About W2A16 weight only matmul

bytedance / ABQ-LLM

An acceleration library that supports arbitrary bit-width combinatorial quantization operations

Apache License 2.0

226 stars 25 forks source link

About W2A16 weight only matmul #10

Open goddice opened 1 month ago

goddice commented 1 month ago

Hi, if I have a linear layer the weight only has the value of {0, 1, -1}. Is it possible to utilize your kernel for weight compression and inference speed-up? My current weight is in bfloat16 format.

For example, if I have this code:

input = torch.randn(64, 1024, dtype=torch.bfloat16).cuda() weights = torch.randint(-1, 2, (1024, 1024), dtype=torch.int8) weights_bf16 = weights.bfloat16().cuda() output = torch.nn.functional.linear(input, weights_bf16, None)

How to use ABQ's kernel to optimize the computation? Thanks!

lswzjuer commented 1 month ago

Thanks for your attention to our work. Matrix multiplication of int and float is not supported, but based on experience in model optimization, the effect of int16 and float16 will be basically aligned (sd or llm).

So I suggest you try W2Aint16. In this case, you can directly use our operator for acceleration. Our operator is suitable for W2 scenarios.

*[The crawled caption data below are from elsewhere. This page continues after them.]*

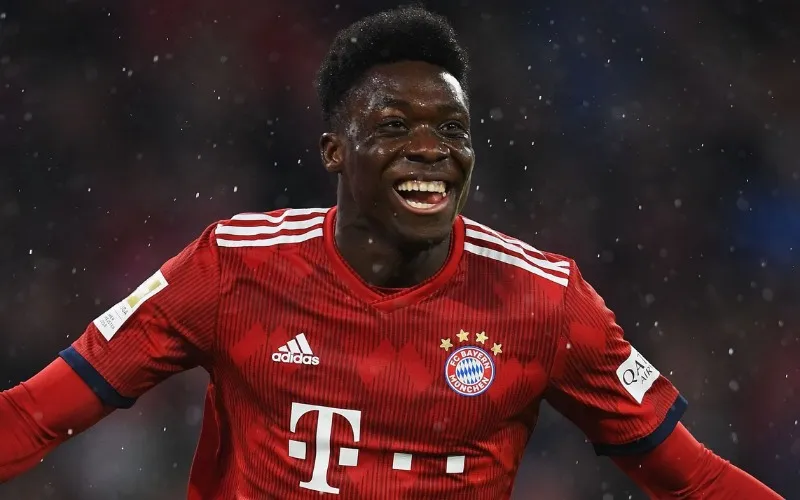 Alphonso Davies sẽ chuyển đến Real Madrid thi đấu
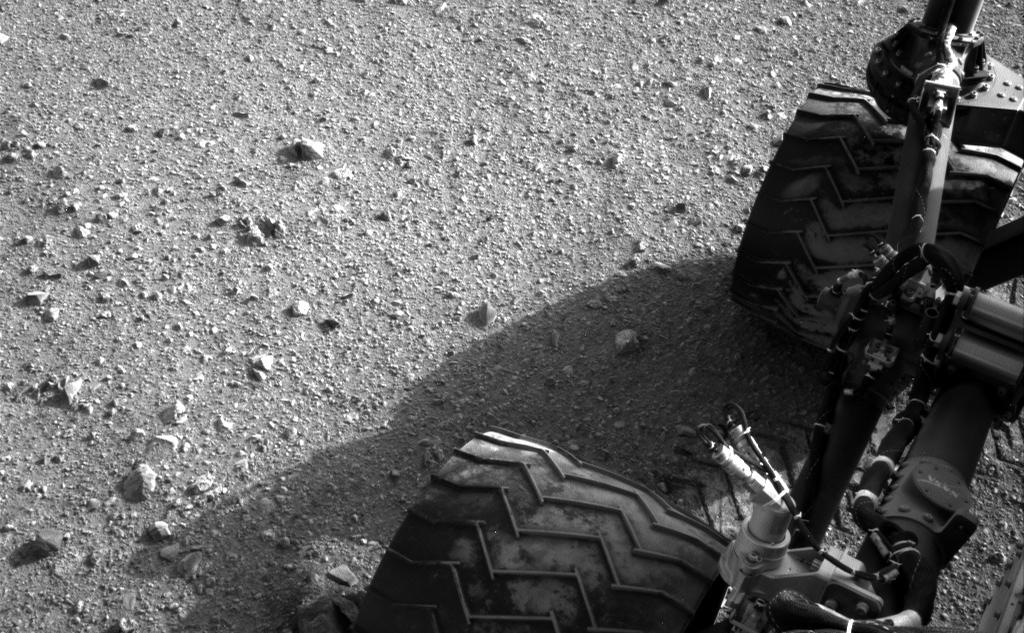 Martian Soil on Curiosity's Wheels After Sol 22 Drive
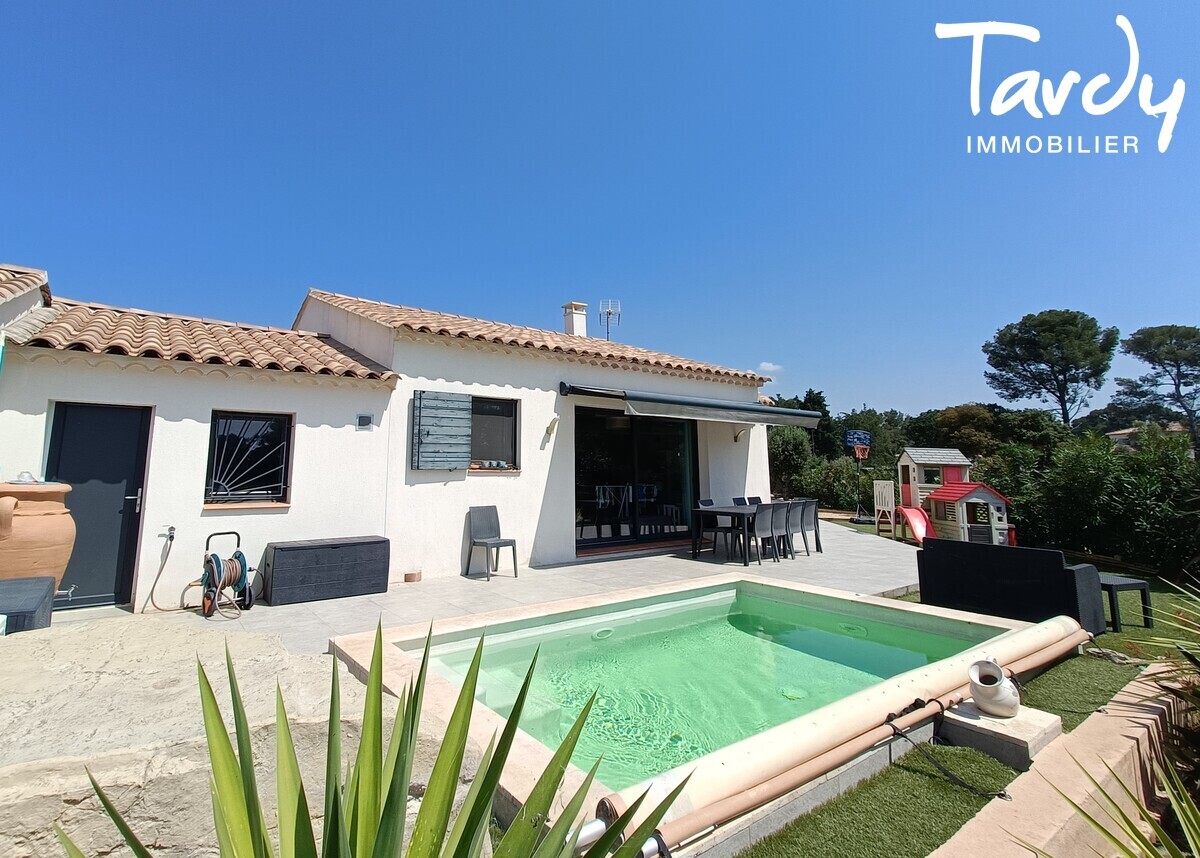 Maison rcente de plain-pied avec piscine, proche village  83250 LA LONDE LES MAURES - La Londe-les-Maures - Maison plain pied piscine proche mer La Londe les Maures Tardy Immobilier
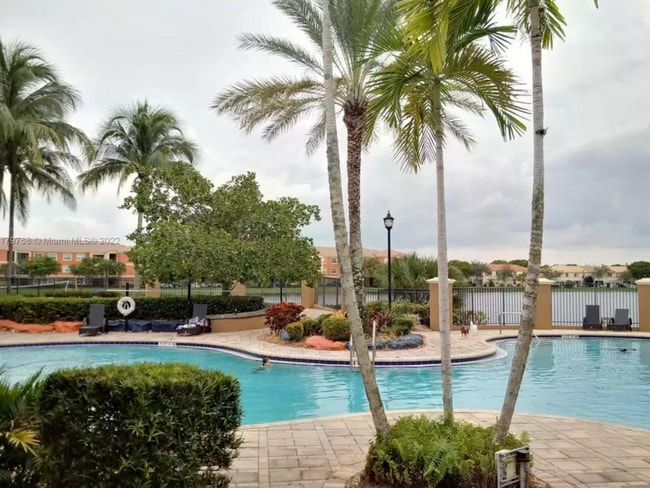 4404 SW 160th Ave, Unit 823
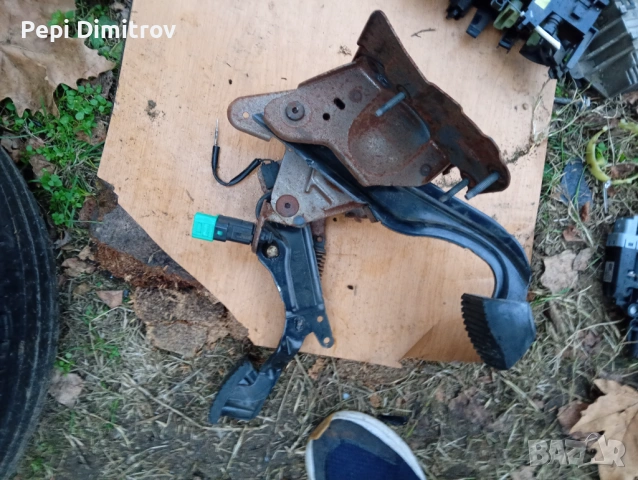 Педал съединител и спирачка Peugeot 207 Hatchback (02.2006 - 12.2015), снимка 4 - Аксесоари и консумативи - 53029031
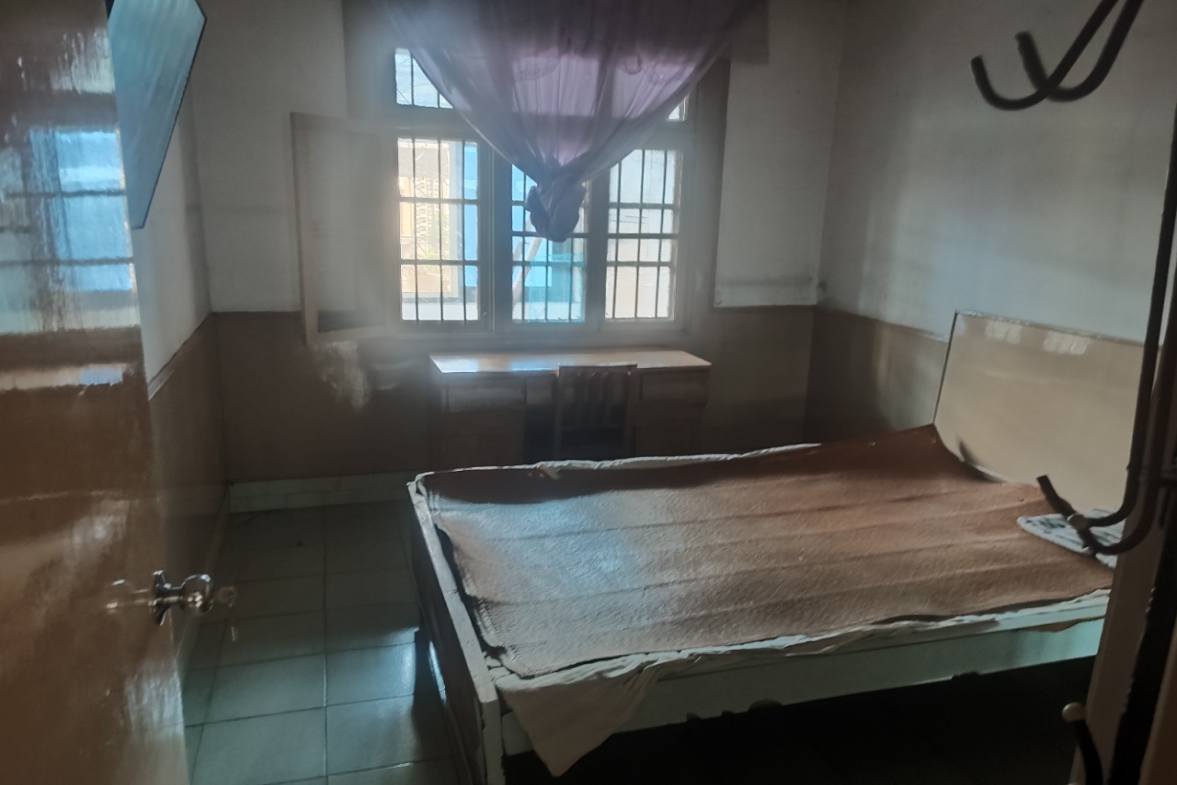 一中附小校内单位房  3室2厅1卫    1400.0元/月室内图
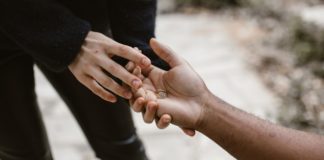 How To Let Go Of The Hurt That’s Holding You Back From Happiness woman-let-go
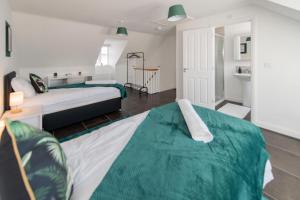 Clifton upon DunsmoreRugby Modern 3 Bed 6 guest house的一间卧室配有一张床和一张沙发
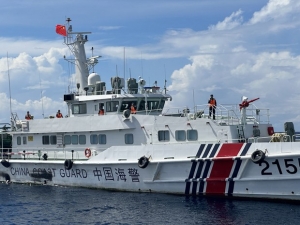Tàu Trung Quốc quấy rối tàu Philippines trong vùng EEZ của Manila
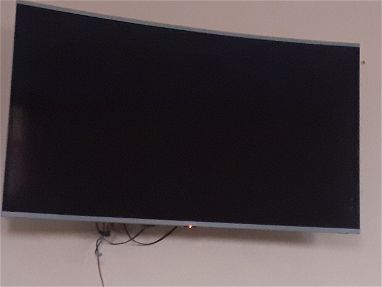 Tv led curvo 55 BlackPoint 4 k , smart tv, con Sistema  Android   53318171 - Img 66437828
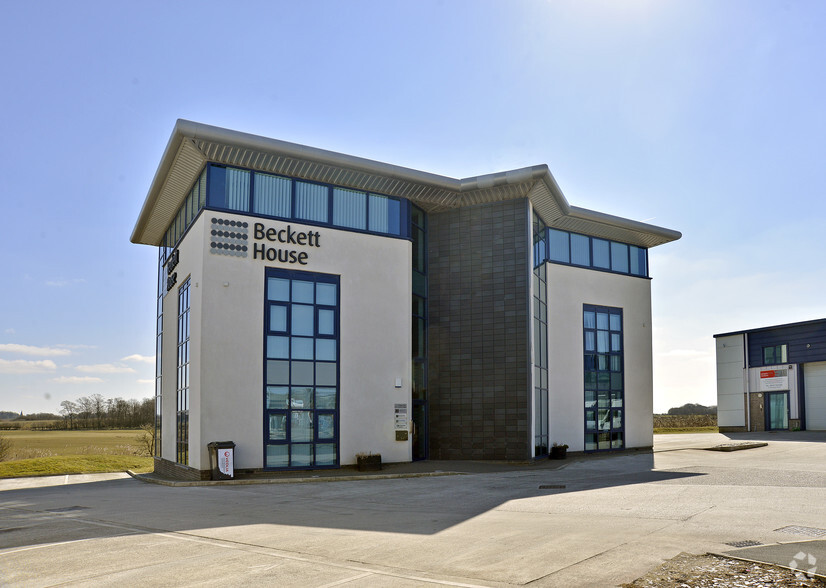 Primary Photo Of Poulton Industrial Estate, Poulton Le Fylde Office For Lease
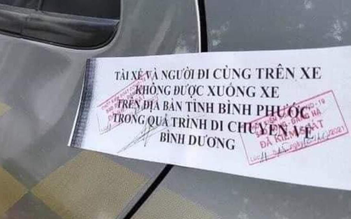 Thực hư giấy niêm phong cửa ô tô 'không được xuống xe' khi qua Bình Phước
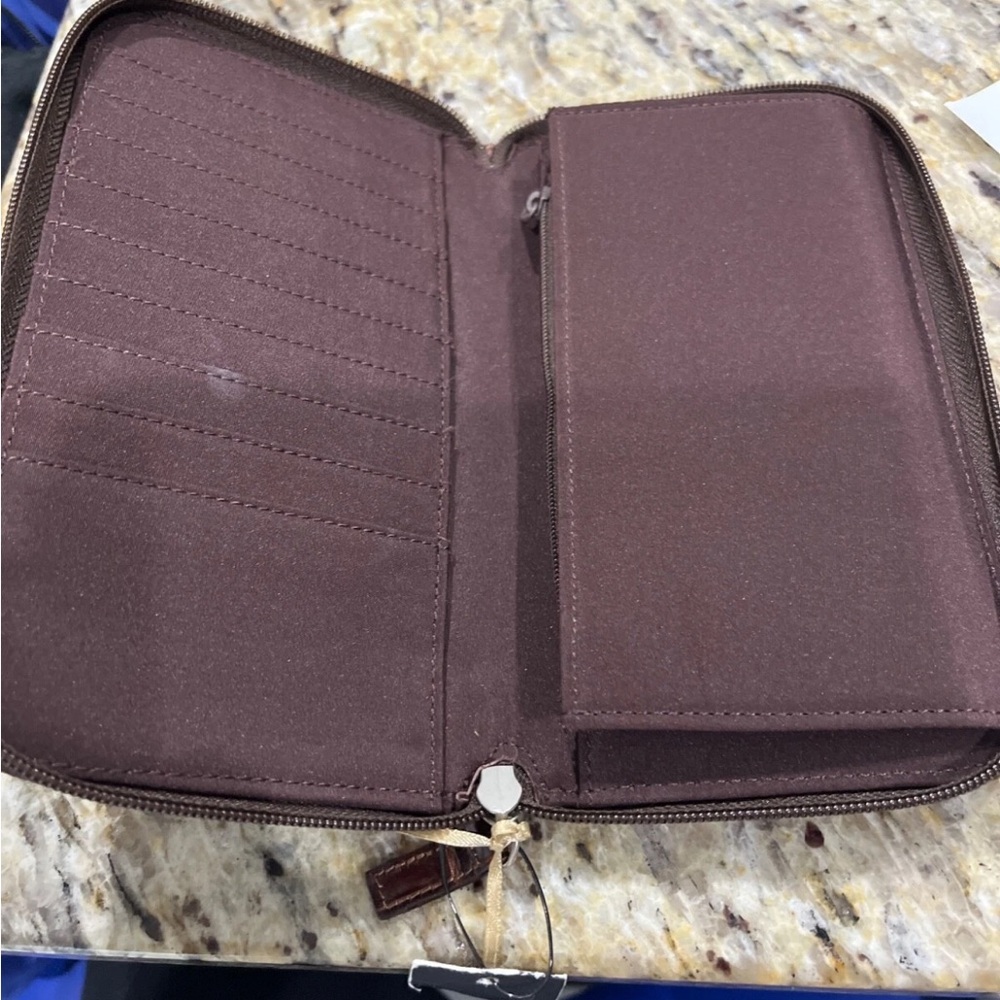 Kenneth Cole Brown Croc-Embossed Wallet - Picture 2 of 5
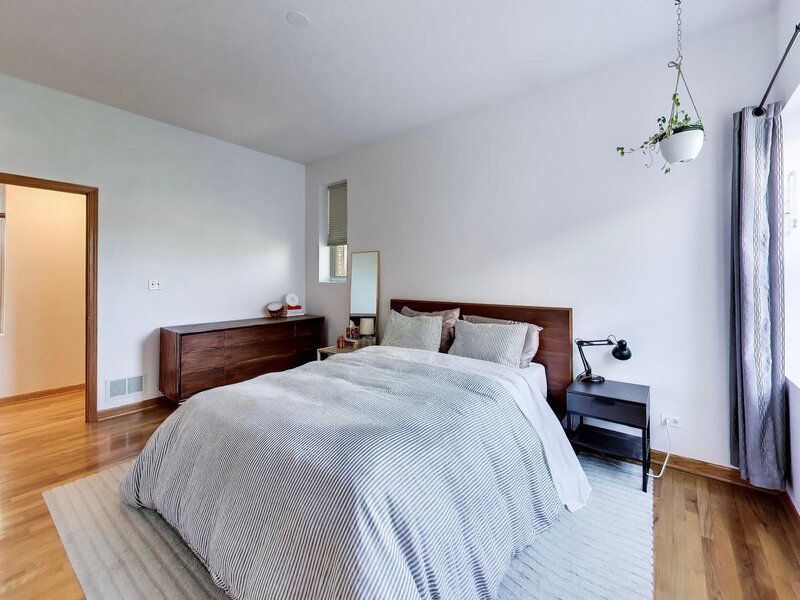 2236 N Maplewood Avenue Chicago IL 60647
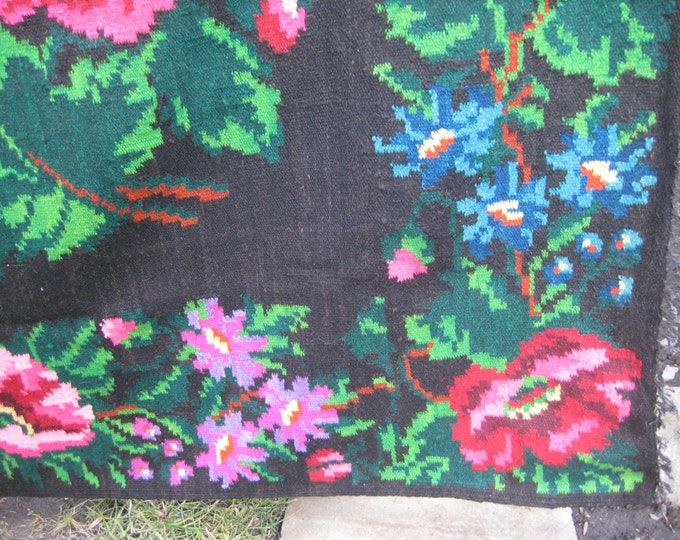 Bessarabian Kilim. Vintage Kilim, Handmade 50-60 years old, handmade.rose carpet, Ukrainian, Bessarabian carpet, ber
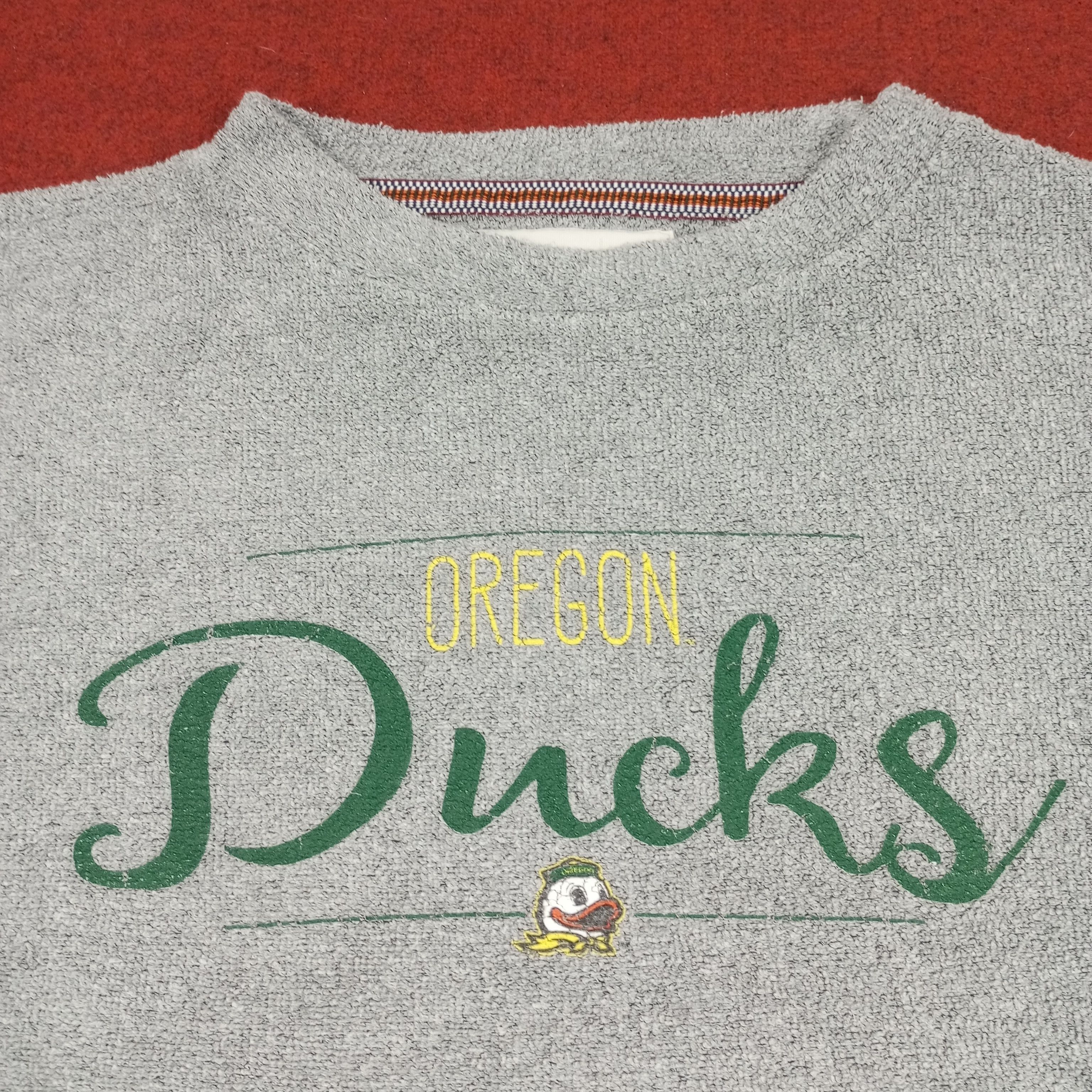 NFL × Vintage Oregon Ducks Center Design Sweatshirt Size US XL / EU 56 / 4 - 2 Thumbnail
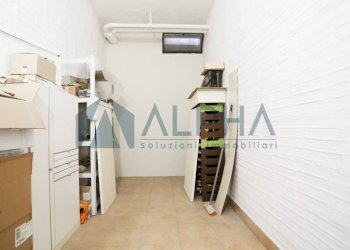 Cantina - Three-room apartment piazza del Popolo, Cesena - photo 22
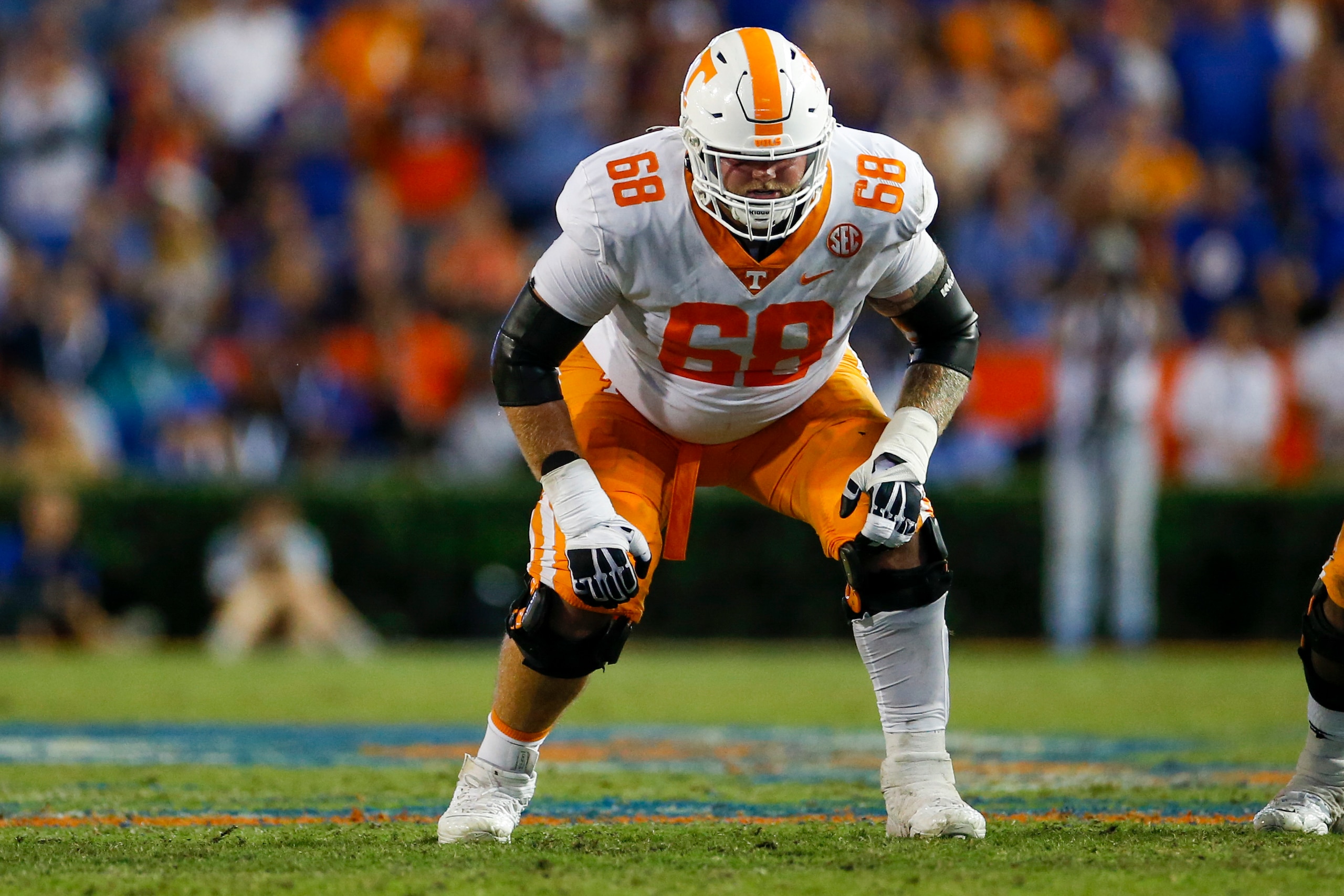 GAINESVILLE, FL - SEPTEMBER 25: Tennessee Volunteers offensive lineman Cade Mays (68) during the game between the Tennessee Volunteers and the Florida Gators on September 25, 2021 at Ben Hill Griffin Stadium at Florida Field in Gainesville, Fl. (Photo by David Rosenblum/Icon Sportswire via Getty Images) GAINESVILLE, FL - SEPTEMBER 25: Tennessee Volunteers offensive lineman Cade Mays (68) during the game between the Tennessee Volunteers and the Florida Gators on September 25, 2021 at Ben Hill Griffin Stadium at Florida Field in Gainesville, Fl. (Photo by David Rosenblum/Icon Sportswire via Getty Images)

goddice commented 1 month ago

Thanks for your attention to our work. Matrix multiplication of int and float is not supported, but based on experience in model optimization, the effect of int16 and float16 will be basically aligned (sd or llm).

So I suggest you try W2Aint16. In this case, you can directly use our operator for acceleration. Our operator is suitable for W2 scenarios.

Thanks for the reply. So if all of the linear layer in my model has the bfloat16 weight with values {0,1,-1}, and the input and output are blfoat16. What steps should I do to use your W2Aint16 operator? Thanks!